With the NFL Draft and free agency having come and gone, we’ll break down all sorts of fantasy-relevant questions entering the 2018 season. Up next we’ll look at one of the best wide receivers doing it right now despite a puzzling lack of touchdown production.
Since entering the NFL in 2011, Julio Jones has dominated like few other wide receivers:
- Targets: 925 (sixth)
- Receptions: 585 (fourth)
- Receiving yards: 9,054 (second)
- Receiving touchdowns: 43 (12th)
Most wide receivers never reach his level, and the ones that do often fail to stay there for more than a handful of years, but Jones has been the gold standard of elite performance over a large sample.
However, despite his otherworldly stats over that span, Jones hasn’t cracked the top 10 in touchdowns in a season even once — it’s what often keeps him a step below the likes of Antonio Brown and Odell Beckham Jr. in fantasy.
Steve Sarkisian, True to His Word
Jones entered 2017 looking poised for a career year in touchdowns. In reference to Jones in the red zone, new offensive coordinator Steve Sarkisian was quoted as saying: “When you have a player like Julio, it’s making sure we maximize his opportunities.”
And Sarkisian did just that: Jones was fed nine more red-zone targets than he got in 2016 despite the Falcons throwing 21 fewer times in the red zone overall. The opportunity was there, but Jones was unable to convert them into scores, and on 19 red-zone targets, he caught just one more touchdown than I did.
Will the Touchdowns Ever Come?
This isn’t new, either. Jones has underwhelmed in the red zone for five seasons and counting:
Julio Jones' red zone targets and mostly meaningless TD's/Points Over Expectation
2013: 9, 1, -9.6
2014: 12, 2, -1.5
2015: 22, 5, -1.8
2016: 10, 2, -5.2
2017: 19, 1, -33.4
Still not phased by it. pic.twitter.com/2iLjvtb0rx
— Kyle Dvorchak (@ffkylethekid) May 23, 2018
The average receiver has a touchdown rate somewhere in the 8-9% range, depending on the year. Most players will typically regress to the mean following outlier seasons, but Jones never really has, failing to hit 8% for the past five seasons. While he may never become a league-average scoring threat, Jones’ career-low 3.4% touchdown rate in 2017 was low by even his standards.
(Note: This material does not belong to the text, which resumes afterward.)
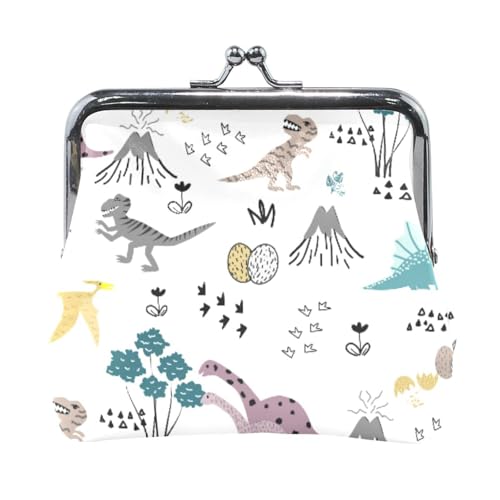 Mnsruu Tragbare Münzgeldbörsen für Frauen und Mädchen, Tier-Dinosaurier-Muster, Mini-Geldbörse, Kiss-Lock-Geldbörse, kleine Ledergeldbörsen für Frauen, Mädchen, Kreditkarten, Schlüssel, Münzen, von Mnsruu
But these are small samples of highly volatile data points. Even if Jones is a below-average receiver in the red zone, betting on that to be the case in every year would be like chasing fool’s gold. Jones may not be an elite red-zone threat, but regression will come for him just as it would for any other player.
Touchdown rate is highly unstable from one year to the next. Consider that Matt Ryan won the NFL’s Most Valuable Player award in 2016 on the back of 38 passing touchdowns and a league-leading 7.1% touchdown rate, then regressed to a meager 20 touchdowns and 3.8% rate in 2017. Ryan, whose career rate is 4.6%, is likely to regress positively in 2018, and if he does, he’ll likely bring Jones along for the ride: Per our NFL Correlations tool, a quarterback and his No. 1 wide receiver’s fantasy output have a .45 correlation coefficient, which is fairly strong as far as NFL data goes.
While Jones has typically underperformed in the touchdown department, his dominance of the Falcons’ red-zone work in 2017 and likely positive regression to the mean efficiency-wise are both promising signs that point to improved scoring upside. Combine that with a likely return to form for Ryan along with first-round pick Calvin Ridley potentially being another threat defenses have to account for, and Jones has a shot at hitting double-digit scores for only the second time in his seven-year career.
Jones will continue to get knocked for low touchdown totals, but we know touchdowns are highly volatile. In every other metric, Jones stands among the NFL’s elite receivers. He should be treated as such in fantasy.